The e-commerce websites primarily rely on the results of market basket analysis in making products suggestions. Therefore, market basket analysis is mainly applied to increase sales and customers’ satisfaction rates.
Usually, warranty claims made by the customers cost the manufacturers and retailers a great deal of money. Furthermore, they may result in the decrease of customer satisfaction, brand loyalty and overall trust to a brand. Therefore, the manufacturers are searching the way to reduce the costs of warranty and this is where warranty analytics takes the stage.
Warranty analytics solutions help to automatically integrate vast amount of warranty-related data across the channels. Applying advanced analytics these solutions manage to disclose the warranty-covered defects. However, this process is quite complex and challenging for the companies. The key benefits of this technique are as follows:
- early identification of the problem
- deep understanding of the problem;
- effective management and processing of claims;
- faster settlement of the warranty claims.
Pricing decisions are among the most important for a company. The consumers’ demand, purchasing behavior, satisfaction rate, and the company’s revenues depend on these decisions. The complexity of the prices, which include various variables and a complicated process of demand and profit forecasting make price optimization a challenging task.
A wide range of price optimization tasks may be solved with the help of analytics.

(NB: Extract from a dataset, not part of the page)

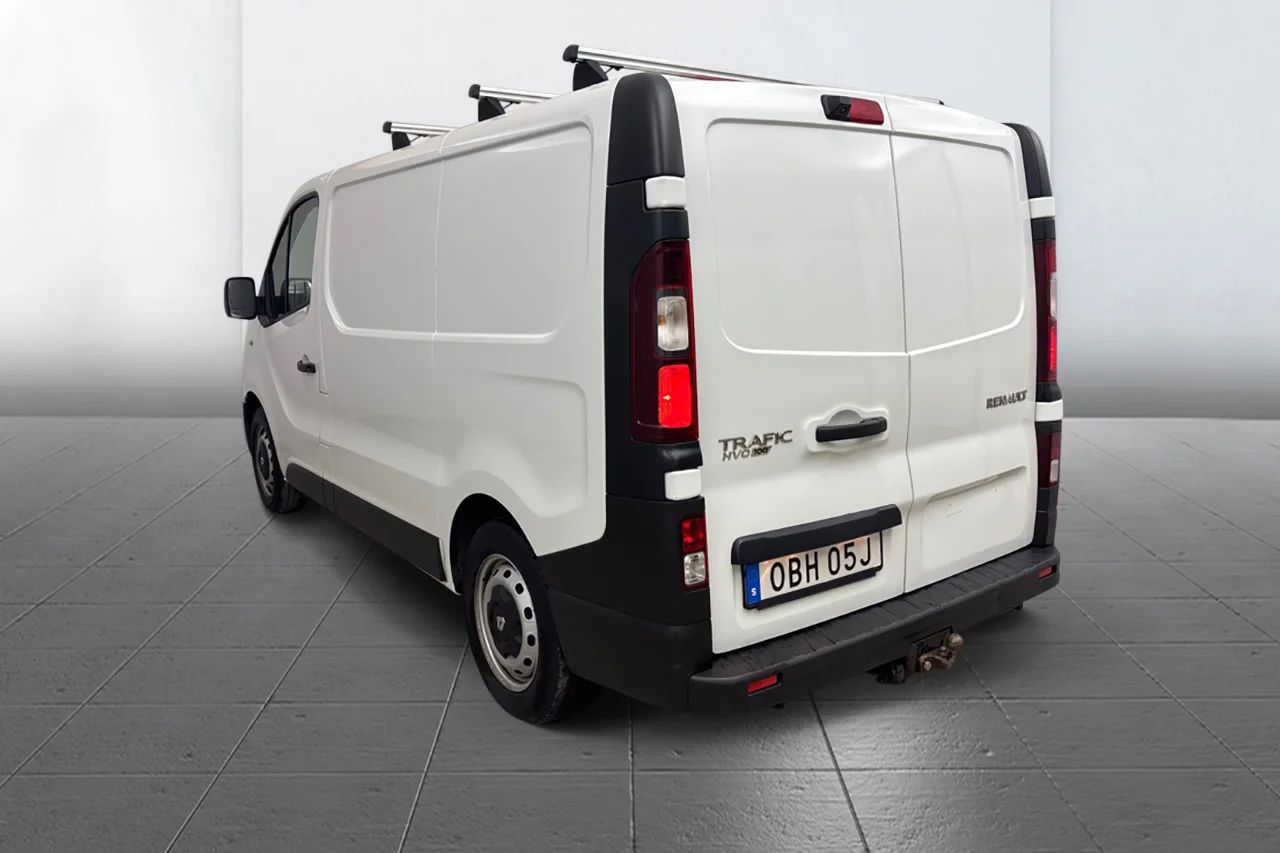 Renault Trafic 2.8t 2.0 L1 Drag Inredd Kamera Värmare 3-sits MOMS – bild 6 av 10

For instance, Markdown optimization technique is applied to get insights from the historical data on customers’ buying behavior and trends to suggest optimal discounts rates. In their turn, these optimal discounts will not only increase profit but increase demand at a particular time.
Moreover, data analytics, in this case, may also be used to identify other processes and operations for further optimization. Besides, price optimization analytics plays a vital role in the development of optimal promotional campaigns as well as in search of new opportunities for promotion.
Analytics provides companies with valuable insights, which might be missed out. Data is crucial in modern, data-driven world on your way to success. Analytics is a tool which helps to make this data beneficial, to get a better understanding of the processes and to improve business performance.
In this article, we attempted to put together the most efficient and the most widely applied data science use cases.